Cientistas da universidade de Chiba, no Japão, compararam as respostas fisiológicas de centenas de pessoas fazendo caminhadas na floresta e no meio da cidade. E os resultados são impressionantes. A diminuição do nível de cortisol de quem caminhou no mato foi 12% maior do que a redução em quem caminhou na cidade. Houve também uma queda significativamente maior na diminuição dos batimentos cardíacos e na pressão sanguínea. Além disso, os resultados registrados em testes de psicologia foram consideravelmente melhores nas pessoas que caminharam na natureza. Ou seja, em todas as avaliações — fisiológicas e psicológicas — o estresse parece diminuir mais na caminhada na terra em comparação àquela feita no asfalto.
Se é comum falarmos da importância do exercício físico para a saúde mental, é interessante notar esse aspecto. O exercício feito na natureza parece produzir efeitos mais fortes do que aqueles realizados em ambientes construídos pelo homem. De novo, não é preciso tanto teste: quem nada em piscina e no mar sabe a diferença entre um mergulho e o outro.
Os efeitos da natureza em nosso cérebro não se limitam ao bem-estar, no entanto. Pesquisadores da Universidade de Utah, nos Estados Unidos, descobriram que apenas quatro dias fazendo trilhas já aumentam a capacidade cognitiva significativamente. Em um teste de associações criativas, as pessoas que fizeram o teste após o contato com o deserto de Utah tiveram notas 50% maiores do que aqueles que fizeram o mesmo testes, só que antes de iniciar o passeio.
Segundo os autores, é possível que o contato com a natureza reajuste algumas funções mediadas pelo nosso córtex pré-frontal, que podem estar prejudicadas por um excesso de contato com aparelhos eletrônicos, por exemplo. Simplificando um pouco, podemos dizer que os autores acreditam que estar na natureza pode ser um antídoto para um mal-estar ligado ao nosso excesso de conectividade virtual.
O estudo ainda é preliminar e precisa ser desenvolvido para se chegar a conclusões mais precisas sobre o efeito da natureza em nossa capacidade cognitiva. O que fica de marcante é um interesse crescente em considerar como nossa mente muda quando colocamos nossa cabeça próxima do ambiente natural em que ela se desenvolveu.
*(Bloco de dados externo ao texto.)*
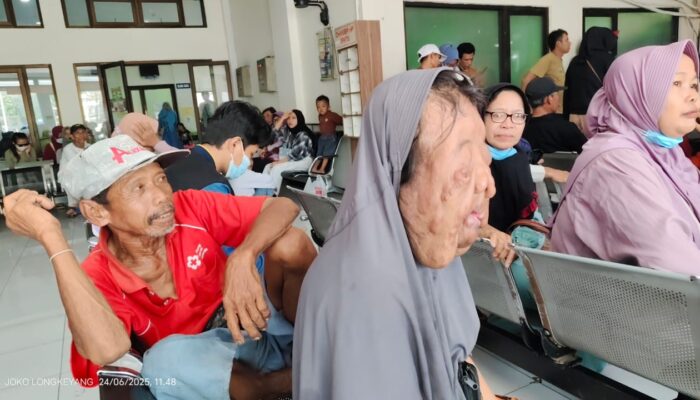 Pilu Wajah Kholipah Tumbuh Akar, Derita Sejak Lahir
Muitas outras experiências preliminares poderiam ser citadas. Um programa de rafting e caminhada para veteranos do exercício americano ou um programa de trilhas nas montanhas do Colorado para mulheres vítimas de abuso são apenas dois exemplos. É verdade que o poder dessas experiências como adendos aos tratamentos profissionais ainda está sendo estudado (não temos evidência científicas sólidas, ainda). Mas os testemunhos dos envolvidos são impressionantes: cada um deles se diz transformado após três dias, em média, de contato profundo com a natureza.
É preciso esperar a área se desenvolver antes de recomendar esses passeios como forma de tratamento para transtornos mentais. Não estamos, de modo algum, em um momento em que esse tipo de iniciativa poderia substituir tratamentos psicológicos ou psiquiátricos tradicionais. Mas é animador pensar que mais uma arma pode estar surgindo no combate a esses problemas.
Seja como for, eu posso, com confiança, dizer da minha experiência: há algo transformador na massagem gelada de uma cachoeira – e que não se compara a uma ducha em casa.